Armenian military commander

Vardan Stepanyan (Վարդան Ստեփանյան; March 9, 1966 – July 3, 1992), better known as Dushman Vardan, (Note: Դուշման Վարդան, "dushman" is Persian for "enemy".) was an Armenian military commander during the First Nagorno-Karabakh War. He is considered a hero in Armenia.

==Early life and service in Afghanistan==
Vardan Stepanyan was born on March 9, 1966, in Yerevan, Soviet Armenia. After finishing the Tumanyan School #32 of Yerevan in 1983, he was drafted to the Soviet army. He served in Afghanistan from 1984 to 1986. For his service there, Stepanyan was awarded with Medal "For Courage" and Jubilee Medal "70 Years of the Armed Forces of the USSR". After being discharged from the Red Army, Stepanyan was admitted into the Yerevan State University Department of Law.

==Karabakh war==
Stepanyan joined the Karabakh movement in early 1988. He initially led the group of Armenian veterans of the Afghanistan War in transferring weapons and equipment to Karabakh Armenians. Since 1989, Stepanyan participated in self-defense in Ijevan, Noyemberyan, Shamshadin. Ararat, Vardenis and Goris. In 1991 amid the escalation of the First Nagorno-Karabakh War, Stepanyan moved to Karabakh and took active role in the battles in Khojaly, Lesnoy, Krzhkan, Malybeyli, Lachin, Martakert, Askeran, Berdadzor, etc. In December 1991, the last Soviet forces withdrew from the region leaving Armenian irregulars against Azerbaijanis one on one. The Azerbaijan forces soon encircled Stepanakert, the largest city of Karabakh. He successfully led the Armenian volunteers in a battle against Azerbaijanis in Stepanakert's Krkjan district.

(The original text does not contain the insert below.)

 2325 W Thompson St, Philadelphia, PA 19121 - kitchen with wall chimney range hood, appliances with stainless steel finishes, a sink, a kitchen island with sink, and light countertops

On May 8–9, 1992, the Armenian forces captured Shusha, thus breaking the siege of Stepanakert and forcing the Azeris to retreat. Stepanyan actively participated in the "Liberation of Shushi" as Armenians say it. Azerbaijan launched Operation Goranboy in mid-June, pushing Armenian forces back from northern Karabakh. Vardan Stepanyan was killed by a mine explosion on July 3, 1992, in Myurishen village of the Martuni Province.

==Legacy and memory==
Stepanyan was buried at Yerablur military cemetery in Armenia's capital Yerevan. He was posthumously awarded with First Degree Order of the Combat Cross of the Nagorno-Karabakh Republic in 1993 and Second Degree Order of the Combat Cross of Armenia in 1996.

One of the auditoriums of the Department of Law of the Yerevan State University was named after him in 1994. A street in Shushi was named "Dushman Vardan Stepanyan", while his museum operates in Yerevan. A statue of him was erected near Myurishen village.